Между тем Парламент продолжал прения, и теми, кто выказывал наибольшую твердость в противодействии двору, были Пьер Бруссель, советник Большой палаты, и Бланмениль, президент Апелляционной палаты, так что, по мере того как эти судейские чины теряли доверие королевской власти, они, вполне естественно, выигрывали во мнении народа. Однако между воюющими сторонами установилось в те дни нечто вроде перемирия, ибо в тот момент все взгляды были обращены к границе. Принц де Конде (вспомним, что после смерти своего отца герцог Энгиенский стал носить этот титул) покинул Париж и отправился в армию, и по настроению двух генералов, командовавших враждующими армиями, было ясно, что решительное сражение неизбежно и что оно не заставит себя ждать.
Исход этого сражения должен был оказать сильное воздействие на умы. Если принц де Конде оказался бы побежден, то двор, нуждаясь в солдатах и деньгах для продолжения войны, вынужден был бы броситься в объятия Парламента; но если принц де Конде стал бы победителем, то двор мог бы говорить со своими противниками совсем иным тоном.

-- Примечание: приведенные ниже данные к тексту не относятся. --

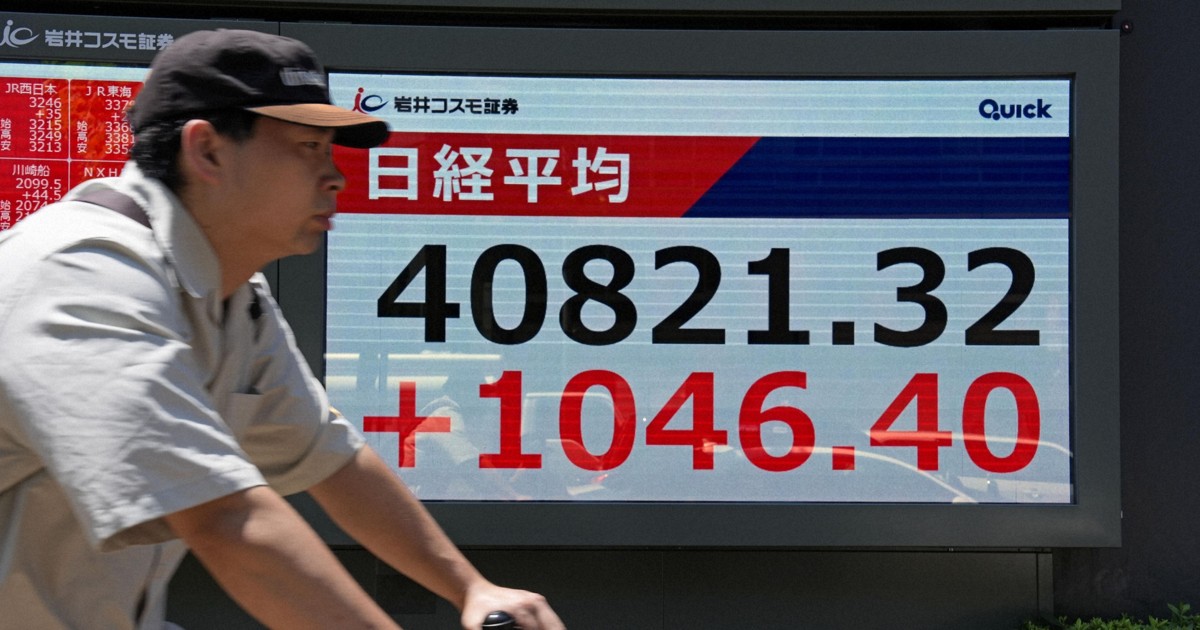 Nikkei index soars over 1,000 points after Japan-US tariff deal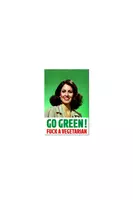 Go Green F*** A Vegetarian Magnet  image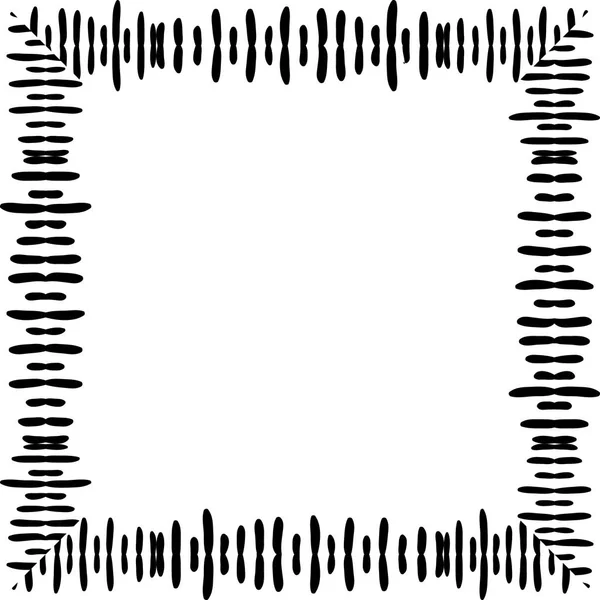 Elemento nero ornamentale isolato su sfondo bianco. Può usare per biglietto di compleanno, inviti nuziali . — Vettoriale Stock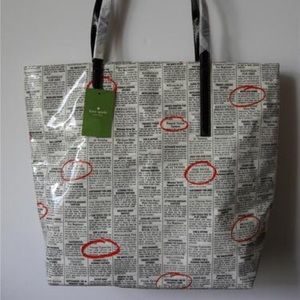 Kate Spade Newspaper Tote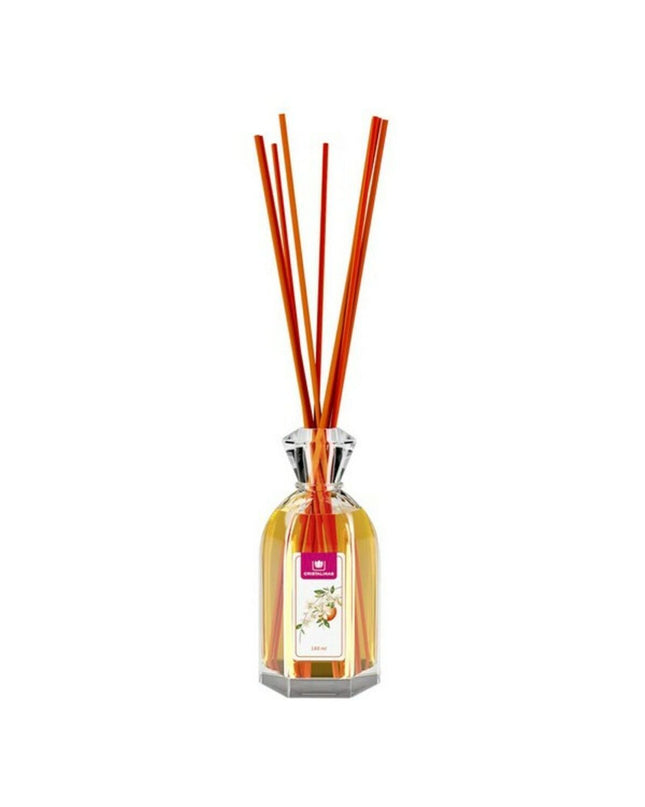 Cristalinas Mikado Oranjebloesem luchtverfrisser in glazen fles, 180 ml, for home decor and freshening spaces.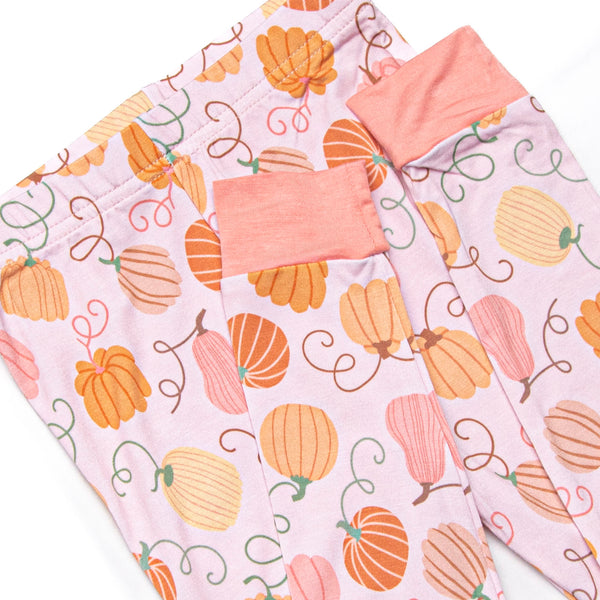 Growing Gourds Bamboo Pajama Set, Pink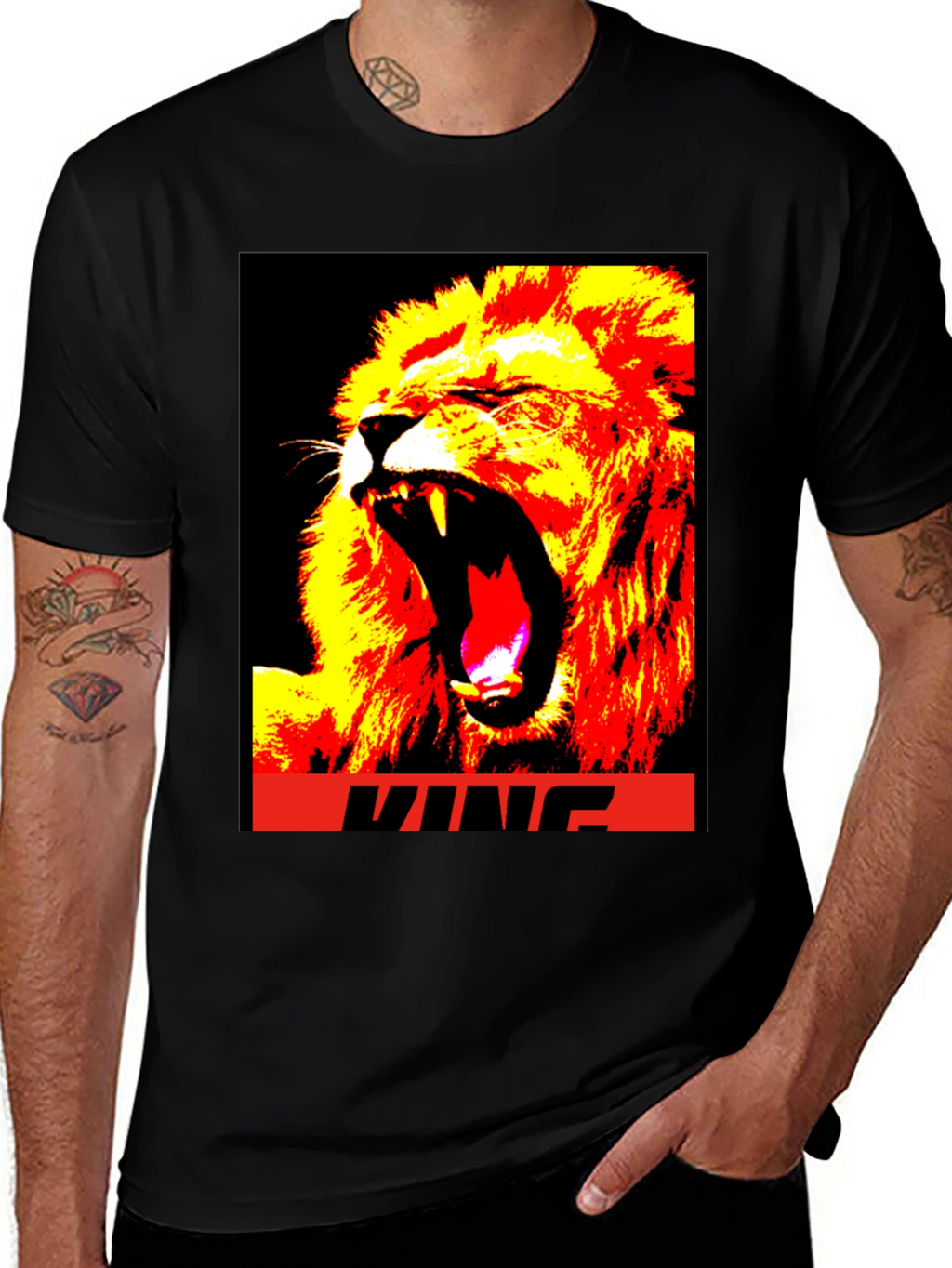 Lion King Graphic T-Shirt - Black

Так что и на той, и на другой стороне все пребывали в томительном ожидании, когда 21 августа в Париж приехал из Арраса человек, заявивший, что в день его отъезда пушечные выстрелы слышались ежеминутно, а это доказывало, что французские войска вступили в схватку с неприятелем, и уже само по себе было важной вестью, но эта важная весть сделалась доброй вестью, когда он добавил, что со стороны границы никто у него на глазах не возвращался; это было знаком победы в битве, ибо, если бы битва была проиграна, то оттуда потянулись бы дезертиры и раненые. Эта новость пришла в восемь часов утра, и, как только кардинал узнал ее, он послал за маршалом де Вильруа и велел ему разбудить королеву, чтобы сообщить ей это известие. Хотя во всем рассказе очевидца не было ничего определенного, вероятность победы все же была достаточной, чтобы вызвать у всех придворных великую радость, ибо его весть сочли правдивой, так как в ней ощущалась необходимость.

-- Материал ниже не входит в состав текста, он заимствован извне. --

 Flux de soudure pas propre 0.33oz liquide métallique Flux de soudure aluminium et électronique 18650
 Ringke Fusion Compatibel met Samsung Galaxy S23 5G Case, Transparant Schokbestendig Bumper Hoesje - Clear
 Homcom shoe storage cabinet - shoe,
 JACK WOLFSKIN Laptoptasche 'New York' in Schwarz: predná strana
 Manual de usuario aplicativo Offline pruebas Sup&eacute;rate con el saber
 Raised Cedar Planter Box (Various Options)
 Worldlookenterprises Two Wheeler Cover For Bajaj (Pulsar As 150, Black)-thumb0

Тем не менее в течение всего дня никакие другие известия не приходили, и прежние тягостные страхи возобновились; лишь в полночь прибыл граф де Шатийон, посланный в качестве чрезвычайного гонца принцем де Конде, который отправил его прямо с поля битвы. Неприятель, полностью разбитый, оставил на поле боя девять тысяч убитыми и обратился в беспорядочное бегство, оставив нам весь свой обоз и часть своей артиллерии; короче, наша армия одержала при Лансе решительную победу.
Как мы уже говорили, все были настороже, стремясь узнать, какое впечатление произведет эта новость на двор, но более всех других хотел узнать это коадъютор. За три или четыре дня до этого он нанес визит королеве, чтобы в очередной раз внушить ей, что раздражение умов усиливается все больше и больше, но кардинал Мазарини остановил его, начав рассказывать притчу.
— Господин коадъютор, — произнес министр со своей хитрой улыбкой и тем итальянским выговором, от которого он так никогда и не смог отучиться, — во времена, когда звери говорили человечьим языком, один волк клятвенно заверил стадо овец, что станет защищать их от всех своих сородичей, если только одна из них каждое утро будет приходить зализывать рану, нанесенную ему собакой…
Но коадъютор, догадываясь, чем закончится притча, глубоким поклоном прервал министра и удалился. Так что неугомонный аббат также находился в плохих отношениях со двором, и нет ничего удивительного в том, что, приняв, по его признанию, все необходимые меры, он пожелал узнать, какое действие произвела на двор победа при Лансе.